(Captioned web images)
========

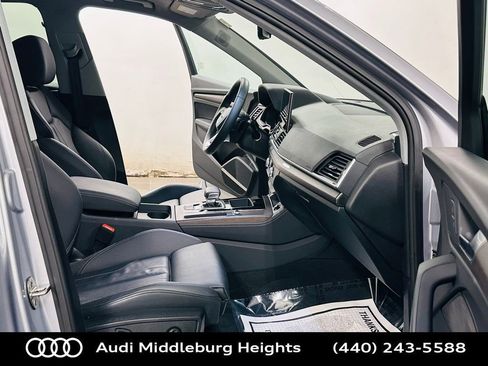 Certified 2024 Audi Q5 2.0T Premium Plus w/ Premium Plus Package image 10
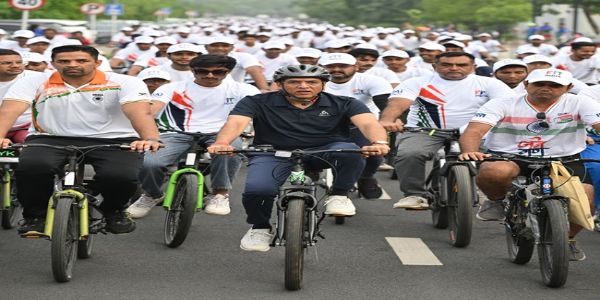 खेल मंत्री मांडविया ने गांधीनगर में 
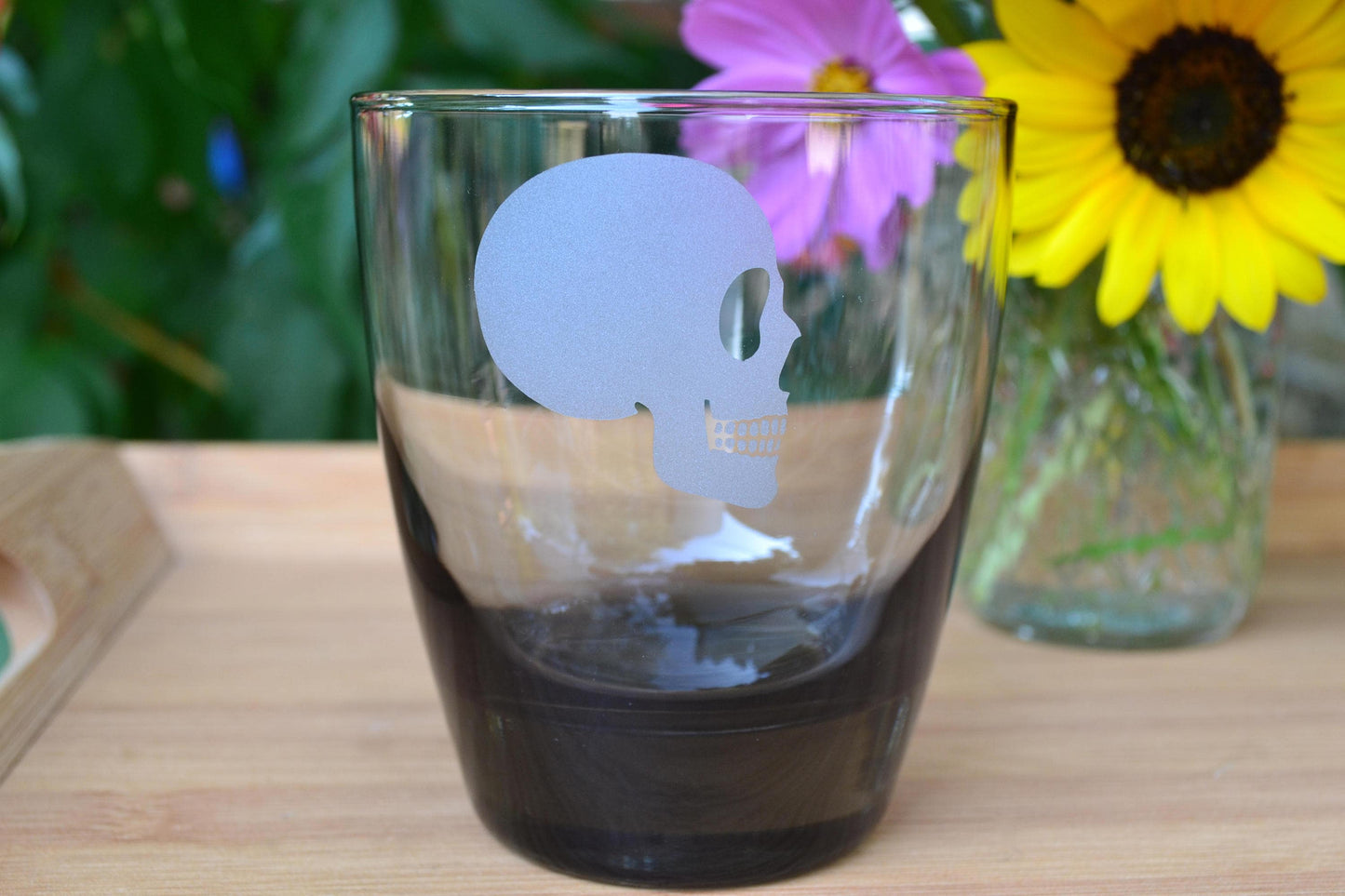 (H) Glassware, Black Skull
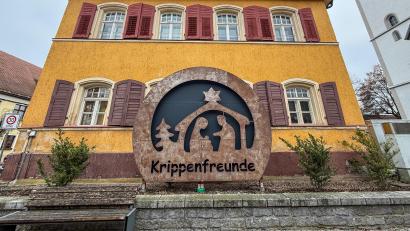 Bild: Petra Hartl
Die Schnaittenbacher Krippenfreunde bieten wieder einen Krippenweg an. Ihre Freikrippe in Rostoptik am Marktplatz ist ein wahrer Hingucker.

========

**What is being asked**
The last line of the entries marks the end, and the line with "खेल मंत्री मांडविया ने गांधीनगर में" marks the start. Output exactly those two lines and every line between them, nothing else, with the pictures left out.

**Answer to this exercise**
 खेल मंत्री मांडविया ने गांधीनगर में 
 (H) Glassware, Black Skull
 Bild: Petra Hartl
Die Schnaittenbacher Krippenfreunde bieten wieder einen Krippenweg an. Ihre Freikrippe in Rostoptik am Marktplatz ist ein wahrer Hingucker.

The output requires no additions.